Thursday, October 15, 1964 - World Series - Game 7 vs New York Yankees - At Busch Stadium I - Starting Pitchers: Bob Gibson vs Mel Stottlemeyer - Attendance: 30,346
The Cardinals' Impossible Dream became a reality - winning the seventh game of the World Series over the New York Yankees, by a score of 7-5. An exhausted Bob Gibson went the distance, despite giving up nine hits - including three home runs - while walking three. But he also struck out nine batters - including two in the ninth-inning, which were sandwiched between two solo home runs.
Afterwards, manager Johnny Keane explained his decision to keep his starter in the game until the end: "I had a commitment to his heart."
Of course, fifty years later, managers are criticized for not yanking the starter at the first sign of late-inning trouble - even if it's a guy like Clayton Kershaw on the mound. If the decision backfires, it could cost a manager his job. Johnny wasn't worried about that, since he was going to resign no matter what happened today. He'd gotten wind of a plot to replace him - possibly with Leo Durocher - when the Redbirds looked like dead birds a few months earlier. Somehow, nothing ever transpired - then lo and behold, the miracle finish to the season created the perfect storm for the Cardinals' first NL pennant since 1946.
Sure enough, after guiding the Cardinals to the world championship, Keane accepted the managerial position of the New York Yankees - replacing the deposed Yogi Berra. Berra was unfairly ousted in New York - and Keane never had a chance of winning with the aging team he inherited. His tenure with the Bronx Bombers would be short-lived, as well.
Ironically, exactly four months prior to the clubhouse champagne celebration the newly crowned Cardinals were enjoying - on June 15 - St Louis had fallen a season-worst three games under .500. Even the trade that brought Lou Brock to the Cardinals on June 16, didn't seem to pan out for the first couple of months. By August 23, St Louis had fallen a season-worst eleven games out of first. Strangely enough, forty-seven seasons later, in Tony LaRussa's final year as manager, the Cardinals were in a similar dilemma - trying to track down the Braves for the wild card slot in the National League - and just like '64, their mission was accomplished on the final day of the season.
And just like '64, the 2011 St Louis Cardinals won the World Series in seven games - clinching it at home.
Initially, it seemed the Redbirds were going to win this one with relative ease. For the first three innings, neither team could score - however, the pitchers' duel ended abruptly when St Louis took their turn at bat against Mel Stottlemeyer in the bottom of the fourth.
Ken Boyer started the rally with a lead-off single to center. After Dick Groat walked, Tim McCarver hit a potential double-play grounder to second baseman Bobby Richardson, who got the force out at second, but shortstop Phil Linz - in his haste to double up McCarver - threw wildly to first - allowing Boyer to score an unearned run. Next up - Mike Shannon singled to center, advancing the speedy McCarver to third.

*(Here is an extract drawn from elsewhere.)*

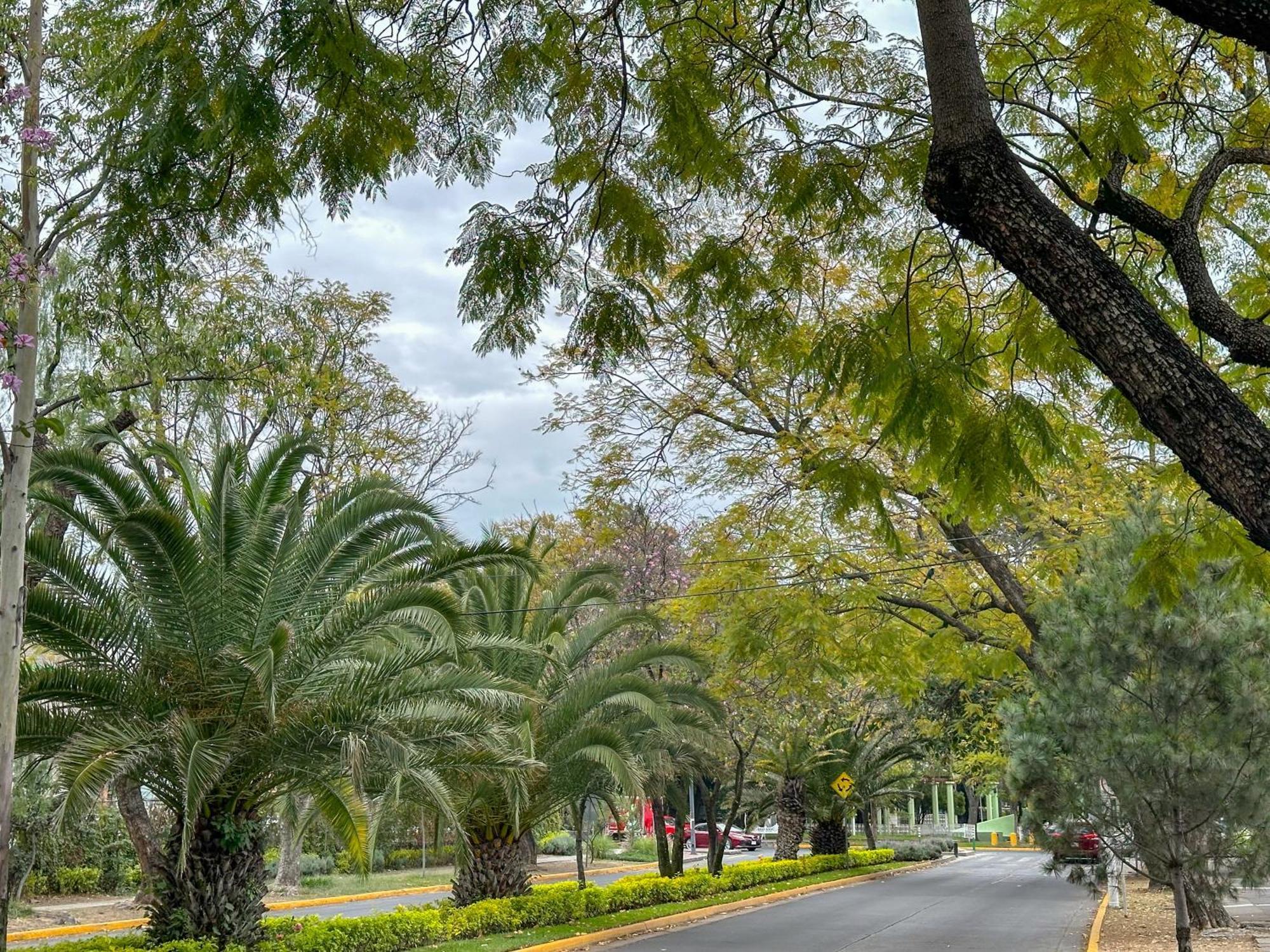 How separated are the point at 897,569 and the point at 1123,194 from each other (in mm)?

With the light-hitting Dal Maxvill batting, manager Keane decided to have a little fun - calling for the old double steal. It worked perfectly, as Shannon got a great jump off first base - sliding safely into second, as McCarver's well-timed dash to the plate beat the relay throw - giving the Cardinals a 2-0 lead. Rattled by the suddenly brash maneuvering of these running Redbirds, Stottlemeyer served up a meatball to Maxvill, who stroked it into right field - scoring the galloping Shannon from second, for a 3-0 lead, after four innings of play.
The Yankees threatened in the fifth when Tom Tresh led-off with a base on balls - then one out later, pinch hitter Mike Hegan (for Stottlemeyer) also walked. However, that rally came to an abrupt halt when Phil Linz hit a looping liner to right field which Shannon tracked down, much to the dismay of Tresh, who thought the ball would drop. His base-running blunder got him doubled off second, and got a tiring Gibson off the hook - at least for now.

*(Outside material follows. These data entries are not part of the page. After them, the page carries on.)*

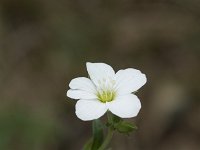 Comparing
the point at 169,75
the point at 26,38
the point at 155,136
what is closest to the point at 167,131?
the point at 155,136

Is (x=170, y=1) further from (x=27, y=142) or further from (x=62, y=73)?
(x=27, y=142)

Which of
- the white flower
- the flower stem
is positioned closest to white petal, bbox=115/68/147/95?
the white flower

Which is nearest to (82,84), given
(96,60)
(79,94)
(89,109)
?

Al Downing was Stottlemeyer's replacement, as the Cardinals took their turn at bat in the bottom of the fifth. Lou Brock greeted him with a home run deep to right center to give the Cardinals a comfortable 4-0 lead. After Bill White singled to center, Boyer advanced him to third with a double into the gap in right center. Manager Yogi Berra had seen enough - bringing in Rollie Sheldon to face Groat - who scored White on a ground out to second, as Boyer took third. McCarver then scored Kenny on a sacrifice fly to right field - and just like that, the Cardinals had a 6-0 lead.
However, that lead was cut in half on a Mickey Mantle three-run sixth-inning home run. This would be Mantle's eighteenth and final World Series home run in what would be the Yankees' final World Series appearance during the Mantle Era. He'd suffer through four more injury-plagued seasons - diminishing his career numbers a bit, but his overall greatness - when he was in his prime - could not be overstated.
Meanwhile, with the Cardinals still leading, 6-3 - Ken Boyer capped off a terrific three-hit game with a two-out solo home run in the seventh - giving Gibson an extra insurance run to work with. This would be Boyer's last hurrah in his last great season with St Louis. His grand slam home run in Game Four turned a 3-0 deficit into what would become a 4-3 win - and of course, paved the way for St Louis to still be alive for a Game Seven.
As New York took their final turn at bat in the ninth-inning, trailing 7-3, Gibson struck out the first batter - Tom Tresh. But then Clete Boyer - an offensive liability all season long and in the World Series - up to this point - hit a Gibson fastball into the left field bleachers. Rounding third, he and brother Ken silently enjoyed the moment, while Gibson silently tried to muster up enough energy to get the final two outs.
He got the second out by striking out Johnny Blanchard on a high fastball. But then Phil Linz - who only hit five home runs in the regular season - timed a fastball perfectly, and deposited that one in the left field bleachers, as well. One more base runner, and the Yankees would have the tying run coming to the plate. But this was Gibson's game to finish - and he did - by inducing Bobby Richardson to pop out to Maxvill at second.
It was finally over - the most improbable comeback in major league history. However, the Cards' on-field celebration was brief - and by today's "in your face-over-the-top" standards - looks subdued. But thousands of fans had immediately rushed the field to join in on the celebration - so the team had a change of venue - into the clubhouse where champagne and an ample supply of Anheuser Busch products were joyously sprayed everywhere.
After an eighteen year wait, St Louis finally got its seventh World Championship. Fifty years later, that total has risen to eleven, as the 2014 edition tries for number twelve. They're considered an underdog - currently down two games to one to the San Francisco Giants in the NLCS.
But of course, whenever the Cardinals actually win a World Series - they're usually playing the role of underdog. If they can salvage at least one win in San Francisco, they'll have a fighting chance - and that's all we could hope for.